_Material supplied_:
══════════════════════════════
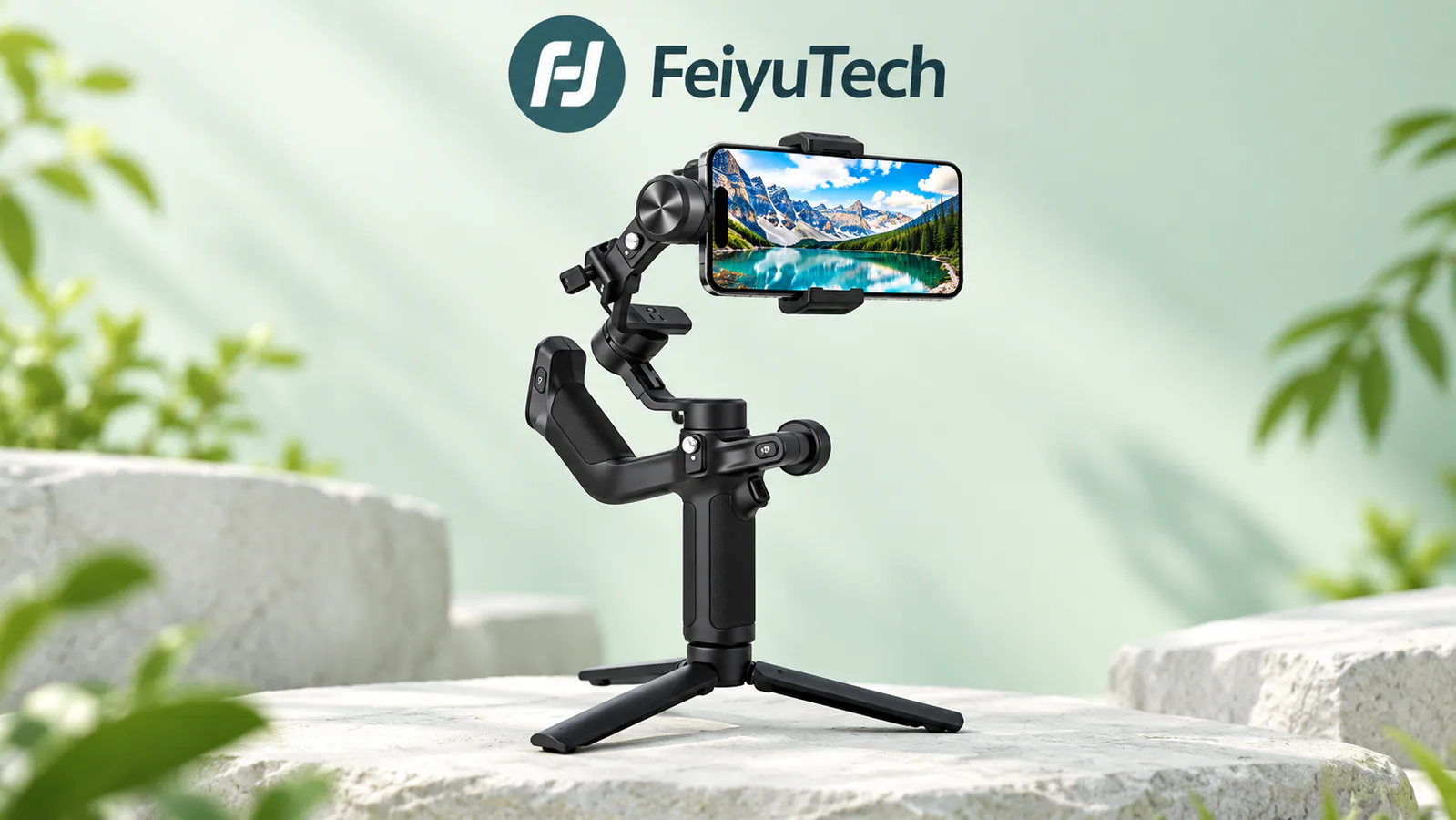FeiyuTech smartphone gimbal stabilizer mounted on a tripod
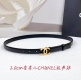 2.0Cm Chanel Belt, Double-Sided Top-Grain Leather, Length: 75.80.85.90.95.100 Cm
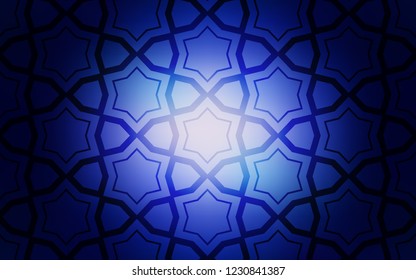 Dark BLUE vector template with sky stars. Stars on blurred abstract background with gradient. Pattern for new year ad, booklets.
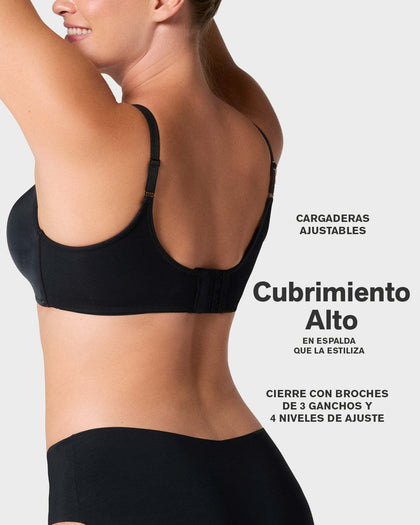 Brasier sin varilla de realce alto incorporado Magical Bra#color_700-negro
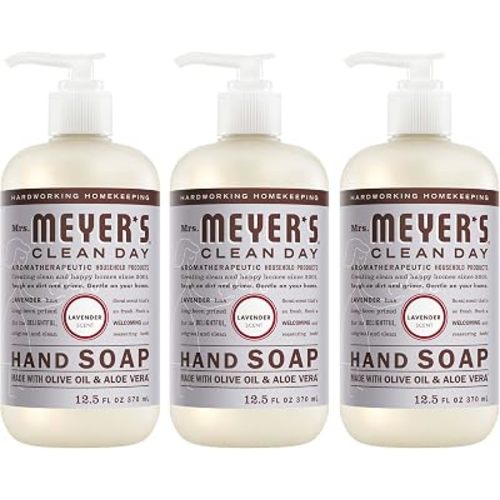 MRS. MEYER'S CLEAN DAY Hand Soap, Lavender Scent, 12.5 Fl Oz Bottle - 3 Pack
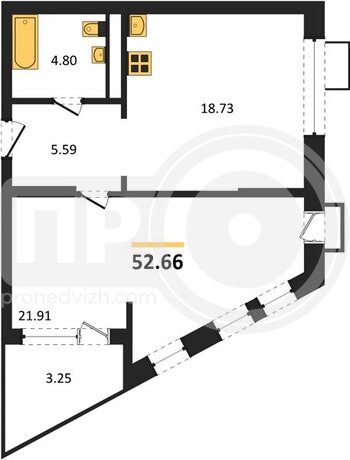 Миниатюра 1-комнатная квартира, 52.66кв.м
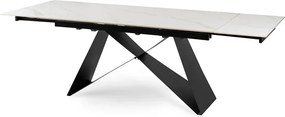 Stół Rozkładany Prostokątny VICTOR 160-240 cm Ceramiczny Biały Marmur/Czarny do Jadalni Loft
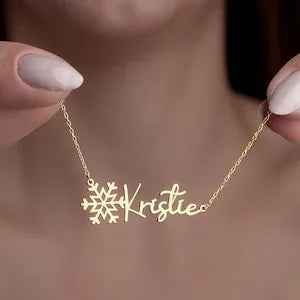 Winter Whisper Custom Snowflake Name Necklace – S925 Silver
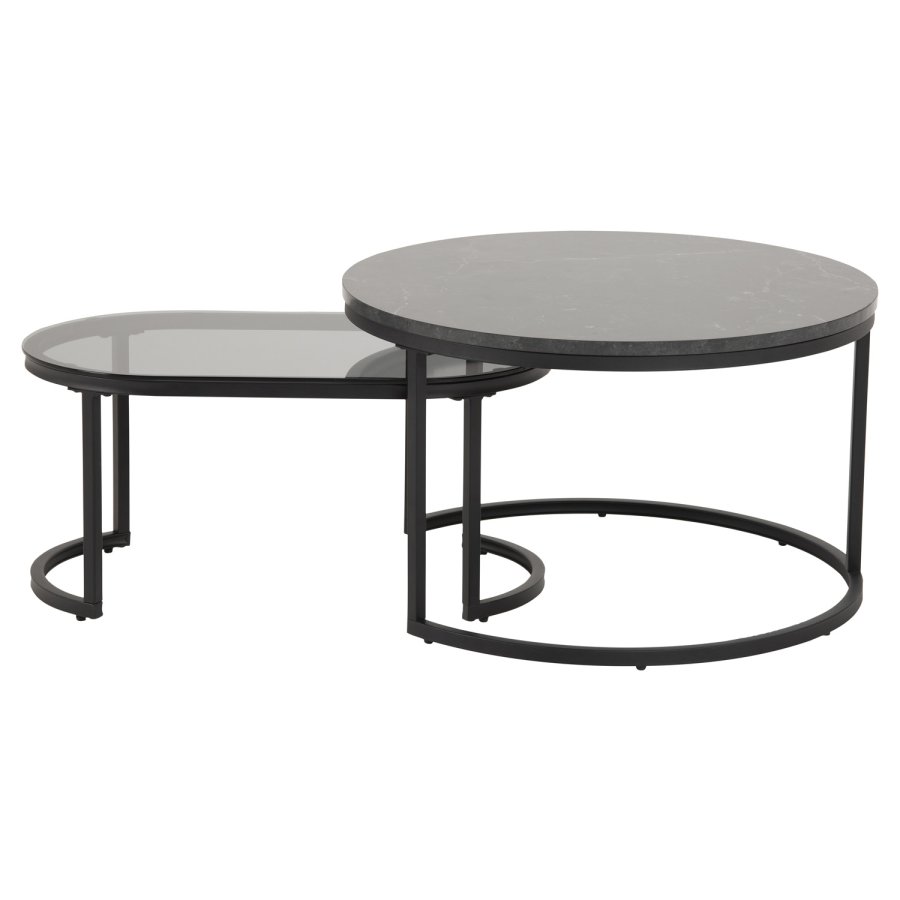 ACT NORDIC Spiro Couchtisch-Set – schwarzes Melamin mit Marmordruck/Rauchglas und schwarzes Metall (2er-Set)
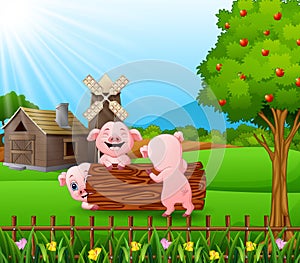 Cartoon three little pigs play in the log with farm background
══════════════════════════════
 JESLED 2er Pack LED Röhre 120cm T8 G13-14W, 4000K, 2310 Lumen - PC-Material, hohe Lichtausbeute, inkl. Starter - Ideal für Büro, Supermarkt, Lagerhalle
══════════════════════════════
_Exercise prompt_:
Copy out exactly the lines above beginning with the line that contains "FeiyuTech smartphone gimbal" and finishing with the line that contains "MRS. MEYER'S CLEAN", including both; leave the pictures out.

_Answer box_:
FeiyuTech smartphone gimbal stabilizer mounted on a tripod
 2.0Cm Chanel Belt, Double-Sided Top-Grain Leather, Length: 75.80.85.90.95.100 Cm
 Dark BLUE vector template with sky stars. Stars on blurred abstract background with gradient. Pattern for new year ad, booklets.
 Brasier sin varilla de realce alto incorporado Magical Bra#color_700-negro
 MRS. MEYER'S CLEAN DAY Hand Soap, Lavender Scent, 12.5 Fl Oz Bottle - 3 Pack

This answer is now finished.